Current Status and System Requirements - AshFS: 一個支援離線操作的輕量化行動檔案系統

Chapter 4 Implementation

4.3 Current Status and System Requirements

AshFS is now implemented in C on Linux. The server is a standard OpenSSH server, and the client is a user-level process who will fork other process in background. Figure 8 shows the basic flow of current AshFS when a user carries out one file system operation.

AshFS uses OpenSSH client applications to communicate with the server: “ssh” for passing control messages, and “sftp” for retrieving and updating files. AshFS will create two processes to individually execute these programs at initial and then return to the main procedure.
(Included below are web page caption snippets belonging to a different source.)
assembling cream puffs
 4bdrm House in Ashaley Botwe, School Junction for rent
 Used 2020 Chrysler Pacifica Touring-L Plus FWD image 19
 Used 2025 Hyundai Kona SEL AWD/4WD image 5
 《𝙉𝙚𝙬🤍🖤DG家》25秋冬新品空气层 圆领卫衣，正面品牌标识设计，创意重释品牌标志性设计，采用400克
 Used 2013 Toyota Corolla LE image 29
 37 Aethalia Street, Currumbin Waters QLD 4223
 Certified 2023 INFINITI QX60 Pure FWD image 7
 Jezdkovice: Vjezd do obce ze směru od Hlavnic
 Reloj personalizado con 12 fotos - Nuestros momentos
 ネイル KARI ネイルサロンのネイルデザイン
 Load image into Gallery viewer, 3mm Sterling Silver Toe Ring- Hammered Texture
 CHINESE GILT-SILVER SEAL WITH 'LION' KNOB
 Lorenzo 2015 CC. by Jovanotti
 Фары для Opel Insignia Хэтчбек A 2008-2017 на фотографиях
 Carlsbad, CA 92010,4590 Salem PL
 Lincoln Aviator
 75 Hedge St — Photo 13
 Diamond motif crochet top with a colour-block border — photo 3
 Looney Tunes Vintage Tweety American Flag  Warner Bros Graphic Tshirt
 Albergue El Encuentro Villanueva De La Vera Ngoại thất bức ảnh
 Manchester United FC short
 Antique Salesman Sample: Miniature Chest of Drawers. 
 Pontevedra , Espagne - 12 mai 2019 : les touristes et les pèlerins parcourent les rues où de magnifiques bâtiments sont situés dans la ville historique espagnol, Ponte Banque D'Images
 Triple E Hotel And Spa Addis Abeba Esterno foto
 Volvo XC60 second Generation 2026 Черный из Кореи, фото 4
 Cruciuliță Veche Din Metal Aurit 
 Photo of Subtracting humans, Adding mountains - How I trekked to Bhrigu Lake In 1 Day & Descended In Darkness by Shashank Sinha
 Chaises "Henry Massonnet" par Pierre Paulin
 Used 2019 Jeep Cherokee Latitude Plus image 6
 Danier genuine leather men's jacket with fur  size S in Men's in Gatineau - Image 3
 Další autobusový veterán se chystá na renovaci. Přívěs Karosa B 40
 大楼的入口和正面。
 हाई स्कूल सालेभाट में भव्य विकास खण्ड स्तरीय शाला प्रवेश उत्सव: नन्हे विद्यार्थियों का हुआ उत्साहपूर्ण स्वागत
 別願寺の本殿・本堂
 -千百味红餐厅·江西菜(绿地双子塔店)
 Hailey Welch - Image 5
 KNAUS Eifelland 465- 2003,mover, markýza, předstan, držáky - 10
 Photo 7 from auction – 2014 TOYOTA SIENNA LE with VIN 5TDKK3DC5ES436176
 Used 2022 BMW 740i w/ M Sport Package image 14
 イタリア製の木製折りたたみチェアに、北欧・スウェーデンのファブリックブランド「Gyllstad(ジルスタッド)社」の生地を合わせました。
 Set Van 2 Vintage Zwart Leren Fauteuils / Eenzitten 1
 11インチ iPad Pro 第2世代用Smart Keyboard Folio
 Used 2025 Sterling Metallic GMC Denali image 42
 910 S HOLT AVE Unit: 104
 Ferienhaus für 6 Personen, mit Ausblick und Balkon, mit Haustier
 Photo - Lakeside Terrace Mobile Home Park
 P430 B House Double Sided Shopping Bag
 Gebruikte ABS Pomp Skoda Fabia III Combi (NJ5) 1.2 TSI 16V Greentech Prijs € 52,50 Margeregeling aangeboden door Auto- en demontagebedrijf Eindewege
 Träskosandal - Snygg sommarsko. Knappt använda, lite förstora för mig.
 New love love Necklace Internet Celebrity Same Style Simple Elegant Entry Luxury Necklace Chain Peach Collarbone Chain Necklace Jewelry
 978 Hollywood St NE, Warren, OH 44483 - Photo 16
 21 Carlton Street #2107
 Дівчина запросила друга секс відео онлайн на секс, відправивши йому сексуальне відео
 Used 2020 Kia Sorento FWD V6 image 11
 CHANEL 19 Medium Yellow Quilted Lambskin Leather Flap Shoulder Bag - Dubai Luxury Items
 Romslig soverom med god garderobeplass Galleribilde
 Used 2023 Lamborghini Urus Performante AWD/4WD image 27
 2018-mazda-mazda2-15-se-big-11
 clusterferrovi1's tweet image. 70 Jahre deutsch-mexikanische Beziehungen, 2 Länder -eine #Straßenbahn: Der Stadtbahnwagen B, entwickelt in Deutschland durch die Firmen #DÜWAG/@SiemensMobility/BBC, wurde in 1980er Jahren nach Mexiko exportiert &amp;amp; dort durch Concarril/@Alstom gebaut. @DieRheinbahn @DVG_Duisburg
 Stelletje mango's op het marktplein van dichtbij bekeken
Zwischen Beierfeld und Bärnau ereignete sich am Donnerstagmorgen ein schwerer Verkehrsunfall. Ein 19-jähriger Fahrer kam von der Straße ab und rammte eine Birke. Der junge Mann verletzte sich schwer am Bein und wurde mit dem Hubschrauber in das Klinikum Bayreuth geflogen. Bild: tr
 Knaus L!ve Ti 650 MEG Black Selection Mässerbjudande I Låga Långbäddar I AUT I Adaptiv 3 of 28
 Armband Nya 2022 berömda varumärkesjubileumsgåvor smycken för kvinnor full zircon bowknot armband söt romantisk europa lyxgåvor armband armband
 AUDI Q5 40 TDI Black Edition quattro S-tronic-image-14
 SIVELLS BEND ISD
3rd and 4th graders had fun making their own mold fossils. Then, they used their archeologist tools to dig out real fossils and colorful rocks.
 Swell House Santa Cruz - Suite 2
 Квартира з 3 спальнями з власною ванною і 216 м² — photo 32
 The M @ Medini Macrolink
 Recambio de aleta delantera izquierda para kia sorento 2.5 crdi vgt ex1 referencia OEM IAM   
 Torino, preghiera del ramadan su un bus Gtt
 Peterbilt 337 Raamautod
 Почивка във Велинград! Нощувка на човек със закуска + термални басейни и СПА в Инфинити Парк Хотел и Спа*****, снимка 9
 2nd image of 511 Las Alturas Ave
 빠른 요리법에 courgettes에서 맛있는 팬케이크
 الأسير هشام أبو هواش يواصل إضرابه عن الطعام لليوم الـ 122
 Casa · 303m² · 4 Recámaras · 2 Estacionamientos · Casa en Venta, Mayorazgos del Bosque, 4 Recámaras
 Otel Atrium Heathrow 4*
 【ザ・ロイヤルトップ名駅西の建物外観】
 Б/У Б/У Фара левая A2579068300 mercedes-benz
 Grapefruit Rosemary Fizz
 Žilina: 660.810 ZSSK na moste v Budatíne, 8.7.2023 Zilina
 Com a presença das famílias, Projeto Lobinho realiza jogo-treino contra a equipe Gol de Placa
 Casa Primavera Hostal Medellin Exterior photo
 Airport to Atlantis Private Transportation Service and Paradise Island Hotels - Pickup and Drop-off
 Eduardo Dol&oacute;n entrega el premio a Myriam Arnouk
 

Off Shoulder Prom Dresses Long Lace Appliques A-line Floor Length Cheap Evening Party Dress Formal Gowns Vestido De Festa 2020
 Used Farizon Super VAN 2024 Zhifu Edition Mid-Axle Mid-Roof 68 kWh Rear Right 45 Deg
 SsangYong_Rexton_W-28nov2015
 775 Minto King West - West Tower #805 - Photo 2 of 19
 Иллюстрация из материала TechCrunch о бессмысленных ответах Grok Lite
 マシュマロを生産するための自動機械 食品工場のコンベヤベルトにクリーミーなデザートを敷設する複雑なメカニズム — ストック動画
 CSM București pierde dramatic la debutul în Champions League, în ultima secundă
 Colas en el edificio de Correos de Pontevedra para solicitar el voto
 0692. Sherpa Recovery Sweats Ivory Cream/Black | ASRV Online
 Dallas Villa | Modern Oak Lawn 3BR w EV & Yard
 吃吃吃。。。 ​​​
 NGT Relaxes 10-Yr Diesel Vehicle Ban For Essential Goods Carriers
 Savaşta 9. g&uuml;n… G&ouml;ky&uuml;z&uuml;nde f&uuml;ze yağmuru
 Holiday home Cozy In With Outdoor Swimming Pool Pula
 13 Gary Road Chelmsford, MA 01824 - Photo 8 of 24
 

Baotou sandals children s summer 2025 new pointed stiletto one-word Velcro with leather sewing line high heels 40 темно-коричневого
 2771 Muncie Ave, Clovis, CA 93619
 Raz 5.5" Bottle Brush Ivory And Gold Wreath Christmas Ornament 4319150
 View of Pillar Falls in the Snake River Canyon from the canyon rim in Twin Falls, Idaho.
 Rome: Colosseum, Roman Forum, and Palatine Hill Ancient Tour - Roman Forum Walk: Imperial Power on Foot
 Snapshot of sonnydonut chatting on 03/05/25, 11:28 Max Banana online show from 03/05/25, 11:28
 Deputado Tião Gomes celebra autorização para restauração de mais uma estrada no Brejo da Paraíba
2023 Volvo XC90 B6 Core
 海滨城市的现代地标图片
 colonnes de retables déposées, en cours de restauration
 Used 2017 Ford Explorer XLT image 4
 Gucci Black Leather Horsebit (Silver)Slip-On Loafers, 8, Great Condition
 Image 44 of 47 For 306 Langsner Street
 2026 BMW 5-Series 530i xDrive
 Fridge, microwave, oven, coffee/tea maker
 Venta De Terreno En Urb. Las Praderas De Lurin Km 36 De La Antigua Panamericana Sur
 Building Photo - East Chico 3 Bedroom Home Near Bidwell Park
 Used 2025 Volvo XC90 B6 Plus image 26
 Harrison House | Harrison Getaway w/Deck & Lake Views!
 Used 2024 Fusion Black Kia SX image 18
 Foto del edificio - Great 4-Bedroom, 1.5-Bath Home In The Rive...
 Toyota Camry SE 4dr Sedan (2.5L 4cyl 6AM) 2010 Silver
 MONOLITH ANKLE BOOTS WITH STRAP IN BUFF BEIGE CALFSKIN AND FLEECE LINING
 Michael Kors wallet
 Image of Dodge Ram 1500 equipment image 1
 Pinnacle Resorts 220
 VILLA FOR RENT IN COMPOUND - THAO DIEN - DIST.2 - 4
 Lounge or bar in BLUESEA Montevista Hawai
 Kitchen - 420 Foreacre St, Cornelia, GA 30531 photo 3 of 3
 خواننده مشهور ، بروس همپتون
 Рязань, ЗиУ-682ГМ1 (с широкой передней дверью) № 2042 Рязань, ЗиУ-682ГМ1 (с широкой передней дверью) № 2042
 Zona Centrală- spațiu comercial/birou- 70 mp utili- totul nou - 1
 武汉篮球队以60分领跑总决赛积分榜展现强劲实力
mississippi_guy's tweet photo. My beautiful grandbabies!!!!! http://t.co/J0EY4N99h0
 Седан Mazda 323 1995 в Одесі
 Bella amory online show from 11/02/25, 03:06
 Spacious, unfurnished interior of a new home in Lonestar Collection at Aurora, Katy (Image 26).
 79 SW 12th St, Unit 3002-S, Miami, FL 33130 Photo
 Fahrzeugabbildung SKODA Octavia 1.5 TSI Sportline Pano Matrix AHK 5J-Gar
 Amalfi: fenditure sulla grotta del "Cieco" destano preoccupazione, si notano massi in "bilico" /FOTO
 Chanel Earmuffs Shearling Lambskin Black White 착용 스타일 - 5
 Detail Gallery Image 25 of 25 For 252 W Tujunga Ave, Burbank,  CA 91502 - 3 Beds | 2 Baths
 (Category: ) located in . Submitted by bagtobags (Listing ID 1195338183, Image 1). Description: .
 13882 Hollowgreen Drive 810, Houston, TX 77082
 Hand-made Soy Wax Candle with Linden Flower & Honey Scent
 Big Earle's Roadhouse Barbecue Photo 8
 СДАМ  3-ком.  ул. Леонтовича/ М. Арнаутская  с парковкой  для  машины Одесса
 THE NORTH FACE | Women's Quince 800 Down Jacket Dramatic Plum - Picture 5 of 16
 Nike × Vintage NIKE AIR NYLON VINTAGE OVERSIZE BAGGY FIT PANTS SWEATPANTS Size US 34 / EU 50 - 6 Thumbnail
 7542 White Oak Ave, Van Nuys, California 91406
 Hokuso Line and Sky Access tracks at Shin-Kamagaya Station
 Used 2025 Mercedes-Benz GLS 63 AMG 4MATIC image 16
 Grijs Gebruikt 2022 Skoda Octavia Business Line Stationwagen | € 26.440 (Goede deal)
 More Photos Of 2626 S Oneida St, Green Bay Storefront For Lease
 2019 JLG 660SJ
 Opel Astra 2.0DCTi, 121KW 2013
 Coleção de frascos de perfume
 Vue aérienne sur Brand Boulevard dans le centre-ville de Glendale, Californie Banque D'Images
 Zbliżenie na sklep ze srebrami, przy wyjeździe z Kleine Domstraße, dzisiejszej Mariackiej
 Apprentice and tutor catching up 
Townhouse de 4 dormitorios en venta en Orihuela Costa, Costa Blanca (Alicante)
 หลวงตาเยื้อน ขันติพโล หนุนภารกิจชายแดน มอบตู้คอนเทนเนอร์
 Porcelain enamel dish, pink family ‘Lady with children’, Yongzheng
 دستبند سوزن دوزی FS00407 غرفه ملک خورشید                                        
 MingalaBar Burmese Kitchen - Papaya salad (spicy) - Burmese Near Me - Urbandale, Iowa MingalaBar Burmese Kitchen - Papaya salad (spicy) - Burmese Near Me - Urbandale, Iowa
To realize AshFS, we implemented a set of functions like read(), write(), getattr(), readdir(), etc. FUSE uses a special structure which contains function pointers to this set of functions, and these functions will overlay a normal file system function [12]. These functions will access the special cache structure we designed for AshFS, and create other process or thread like Upload manager to start some mechanisms.

In order to run AshFS, besides AshFS client program we wrote, the client-side computers should have been installed the FUSE framework (both the FUSE kernel module and library) and the OpenSSH client suite which at least contains ssh and sftp command.

Surely, you also need to prepare a SSH server.

Figure 8: Path of stat request in AshFS

Chapter 5 Experiments and Performance Evaluation

In this chapter, some experiments were set to test if AshFS is suitable for our proposed environment. For an objective comparison, we added some of our related works into the experiments. Since MAFS is implemented on FreeBSD and RSC filesystem is designed for the Symbian OS, they were not tested in these experiments. Here we listed the results and analyzed these data. In the end of each experiment, we tried to interpret the relationship between results and our design principles.

5.1 Experiment Environment and Tools

To explore how our file system performs, some experiments have been made. We connected two computers into a Gigabit network; one acted as our client and the other acted as our server. The client computer had an Athlon XP 2600+ CPU and 2GB ram. The server was a Pentium R computer with 3.0GHz clock rate and 1.5GB ram. Both client and server were running Linux with 2.6.17 kernel above. In our experiments, the server shared some parts of its local file system; the client mounted it and performed file system some operations under the mount point. Each experiment was repetitive running for 10 times and the data presented here were the average. Here are some tools and what they were doing for.

z time-1.7-29-fc7: It times a simple command or gives resource usage [21]. We used it to measure the finishing time of each experiment.

z bonnie++-1.03: Bonnie++ is an industry-standard file system benchmark used to benchmark ideal performance in a uniform and repeatable way [19-20]. We used it to evaluate write throughput of a single file.

z CBQ.init-v0.7.3: Cbq.init is a Linux shell script file which uses CBQ (class-based queuing) mechanism to control network traffic [22]. We used it to constrain the bandwidth between the client and the server.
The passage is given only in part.